Zakończył się kolejny etap konsolidacji dwóch wielkich spółek z branży chemicznej. Na wezwanie do sprzedaży akcji ogłoszone przez Azoty Tarnów odpowiedzieli akcjonariusze reprezentujący 12,19 proc. kapitału Zakładów Azotowych Puławy. Chemiczny gigant, który ma już 83,7 proc. udział w kapitale puławskiej spółki, chciał skupić z rynku wszystkie pozostałe akcje. Papiery zostaną wykupione najpóźniej 11 kwietnia po 132,6 zł. Wartość transakcji przekroczy 300 mln zł.

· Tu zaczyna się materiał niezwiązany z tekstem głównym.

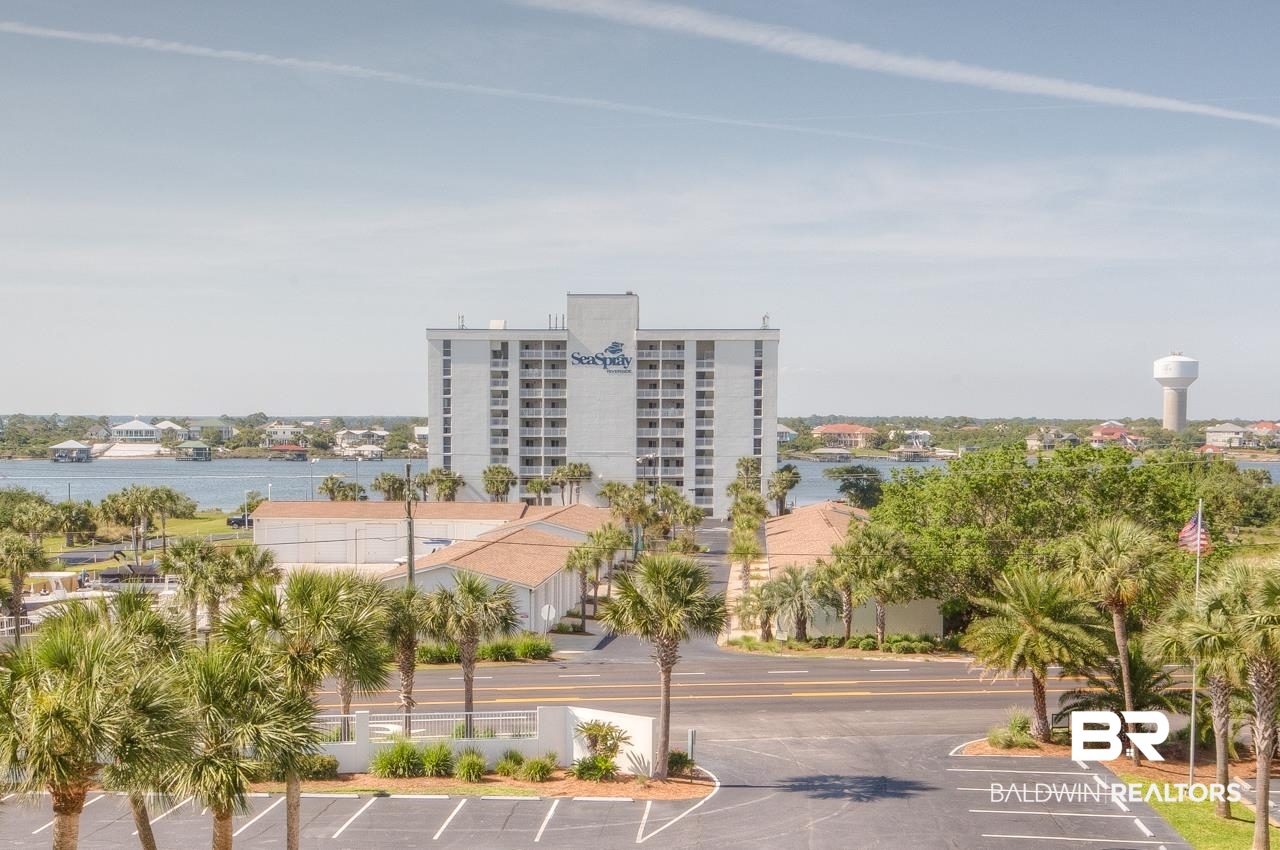 Discover breathtaking, panoramic views of Ole River, Ono Island, Perdido Key State Park, and the GULF OF MEXICO from this TOP FLOOR 3BR/3BA CORNER residence at SeaSpray Riverside. ASSIGNED GARAGE #3 IS INCLUDED!! ALSO AVAILABLE IS ASSIGNED #9 GARAGE AND/OR 2 RARE DEEP WATER BOAT SLIPS WITH LIFTS ARE AVAILABLE FOR PURCHASE SEPARATELY! This furnished residence features beautiful coastal modern style. Relax and enjoy the boats going by from your private WRAP AROUND balcony with access from the living room, dining area and Master Bedroom. The open concept kitchen with spacious island, white cabinetry, ALL NEW stainless appliances, granite countertops, and eat-in-bar is perfect for those who love to cook and entertain. The master bedroom has an en-suite bath, double vanity, shower, and large walk-in closet. All of the bedrooms have NEW wood look tile as well! SeaSpray owners and guests enjoy spectacular amenities including two gulf-front pools (one with zero entry), a riverside pool, fitness center, tennis courts, pier, docks, AND DEEDED BEACH ACCESS. SeaSpray has wonderful on-site management, rentals, and maintenance staff with an established, solid homeowners’ association with competitive HOA fees. Welcome home to laid-back island life!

Wyniki wezwania nie zaskoczyły analityków, którzy od początku przewidywali, że Azotom Tarnów uda się przekroczyć 90 proc. w kapitale Puław. W miniony piątek o złożeniu zapisu na sprzedaż papierów poinformowała Mennica Polska, kontrolowana przez Zbigniewa Jakubasa. Dotyczył blisko 5,4 proc. akcji. Dziś eksperci konsekwentnie przekonują też, że pozostawienie puławskiej spółki na giełdzie z tak niewielką ilością akcji (4,11 proc.) nie ma większego sensu. – Spodziewam się, że Azoty Tarnów zdecydują się na przymusowy wykup pozostałych walorów i wycofanie Puław z obrotu giełdowego – przekonuje Łukasz Prokopiuk, analityk DM IDM.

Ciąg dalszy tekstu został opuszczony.